First asked about how is feel working with the Argentine, Hernandez had a long answer.
“It is a very good experience,” Hernandez told Marca. “Last year, when his signing was made official, it was a pleasant surprise that a coach like him came to a Championship club. That the project is good and beautiful is what caught his attention. And what to say personally! Last year, with 34 years, it was my best season as a professional at the level of statistics.
“I’m happy. When a player reaches this age it’s difficult to know new facets of football and live new experiences. I’m taking full advantage of it and trying to get all the good things that he transmits to me.”
Then Marca asked him if it’s ‘special’ to have Bielsa in charge, and Hernandez was hardly going to say no.
“Yes. From my experience, each coach has his style, but with Bielsa I have known a new facet, something totally different. It’s an experience from which I’m trying to learn as much as possible. In sports and personal treatment it’s different from what I had lived. He’s a coach who is showing that he knows how to get the most out of his players.”
On the highlights of the manager’s methods, Hernandez said: “The way of training is totally different. We are the team with the most possession of the Championship, even more than some Premier League clubs. We like to go out playing from behind, quickly recover the ball and make a high pressure. When you see such a team, you think it will train on possession a lot… and it’s quite the opposite. Bielsa is a coach who looks for other methods, other exercises, in a year and a half we have been with him, we have not done any in training.”
The player also recalled the time when they had to clean the training centre. He didn’t volunteer to tell the story, it’s just that ever since it was reported Leeds United players are continually quizzed on it as another example of El Loco’s methods.
“They are exercises that give personal value and that make us value those people who fill the stadium at home and away, who move in masses making a great economic effort. It makes us put on their skin. We’re privileged, but we don’t have to lose the perspective of those people who support us, who make an effort to follow us. Bielsa looks for that link and that we feel very identified with the fans, and that is why he gives us many talks and we do this type of exercises.”
The 34-year-old was also asked about the Aston Villa episode, when Bielsa asked Leeds to concede a goal on purpose. This is another story which continues to go around the world’s sport media, as an example of fair-play.
“There was a lot of tension. At the moment we got the goal a fight formed. I had a yellow and I didn’t want to take a chance. At that time, Bielsa called me and transmitted to me, since we speak the same language, what he thought, what he felt we had to do at that time. I passed it to the teammates. Also the captain, who through the assistants was given that instruction from the bench. Bielsa is our leader, the coach, we support his decision and we decided to let them score a goal to tie. They are things that also define your personality, our mentality and that have a lot of repercussion. It was a moment in a game, that decision was made and we did the right thing.”
Finally, Hernandez had to talk a little about spygate, even though he claims to be tired of it.

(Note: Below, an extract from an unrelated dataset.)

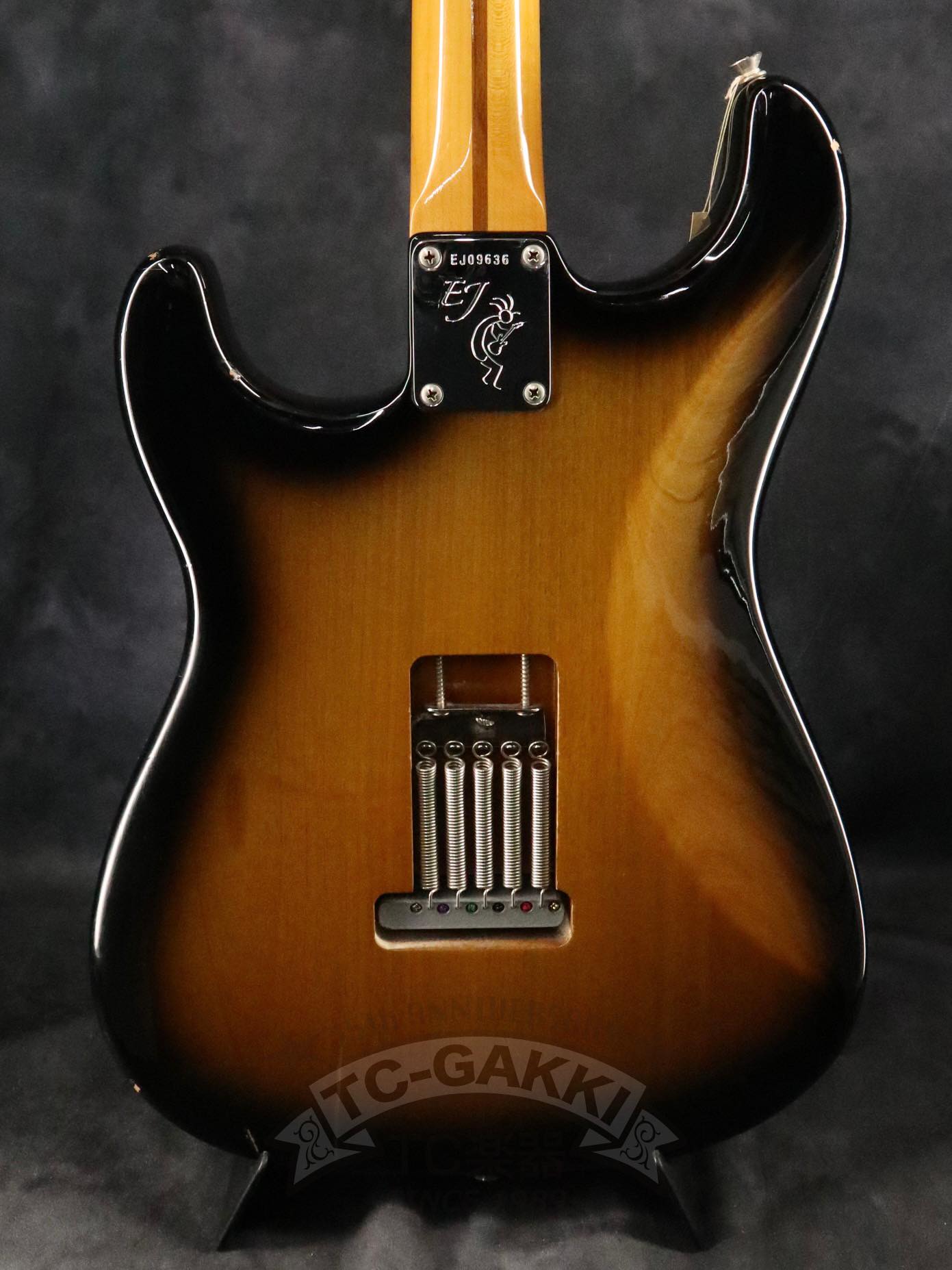 Fender USA Eric Johnson Stratocaster - TC楽器 - TCGAKKI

“I don’t know if it affected us sportingly, but we got a little tired. It seemed that everyone wanted to divert the focus to that issue and detract from what the team was doing, which was to play football well and be in direct promotion positions for almost the entire season. All the teams seemed to be using it to attack us and it reduced value of what we were doing. Bielsa assumed his guilt, admitted that he was wrong and that’s it. We tried not to give it more importance than it had because we knew that it didn’t win games, that the winners were us on the pitch.”